Supplied records below:
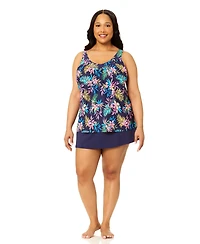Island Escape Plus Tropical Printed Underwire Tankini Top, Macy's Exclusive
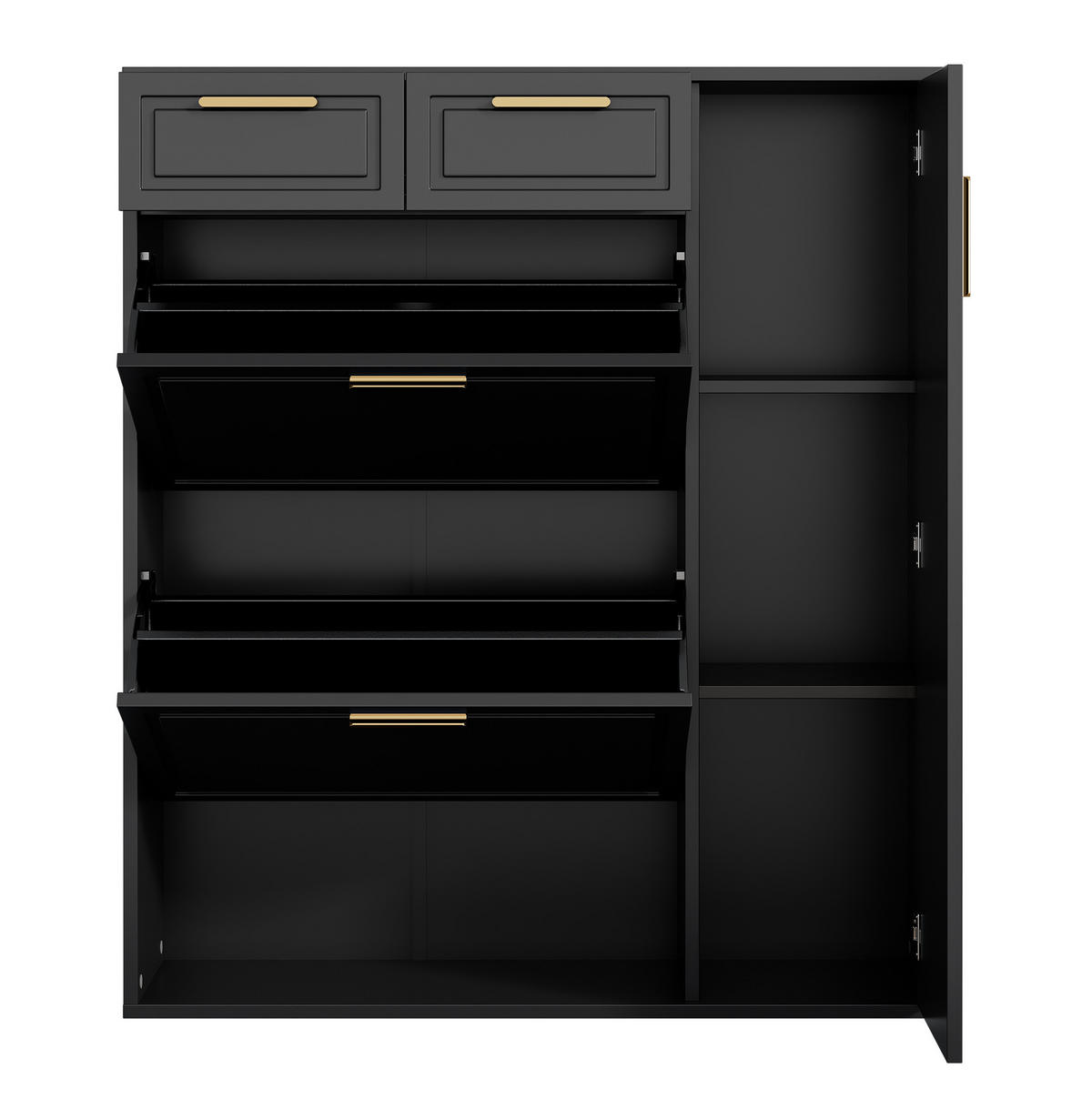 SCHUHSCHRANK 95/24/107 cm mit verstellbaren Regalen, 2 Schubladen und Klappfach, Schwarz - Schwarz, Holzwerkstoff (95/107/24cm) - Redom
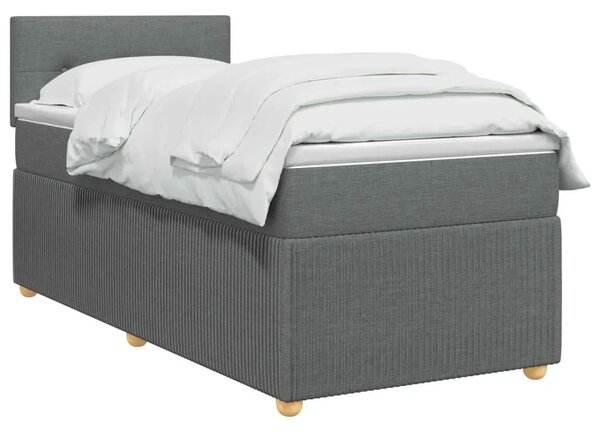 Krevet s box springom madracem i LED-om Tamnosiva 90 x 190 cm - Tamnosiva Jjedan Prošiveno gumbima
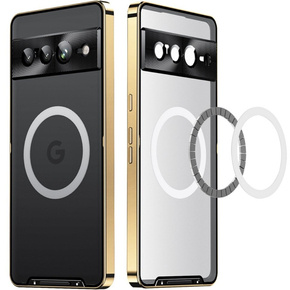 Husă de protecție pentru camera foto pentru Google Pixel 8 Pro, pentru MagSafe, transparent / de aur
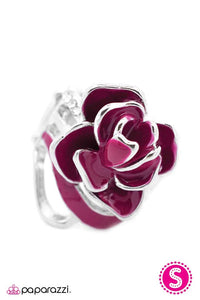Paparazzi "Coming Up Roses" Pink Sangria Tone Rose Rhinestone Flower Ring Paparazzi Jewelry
End of Supplied records.
Would you restate the listing word for word and leave every picture out?

Solution for this problem:
Island Escape Plus Tropical Printed Underwire Tankini Top, Macy's Exclusive
 SCHUHSCHRANK 95/24/107 cm mit verstellbaren Regalen, 2 Schubladen und Klappfach, Schwarz - Schwarz, Holzwerkstoff (95/107/24cm) - Redom
 Krevet s box springom madracem i LED-om Tamnosiva 90 x 190 cm - Tamnosiva Jjedan Prošiveno gumbima
 Husă de protecție pentru camera foto pentru Google Pixel 8 Pro, pentru MagSafe, transparent / de aur
Paparazzi "Coming Up Roses" Pink Sangria Tone Rose Rhinestone Flower Ring Paparazzi Jewelry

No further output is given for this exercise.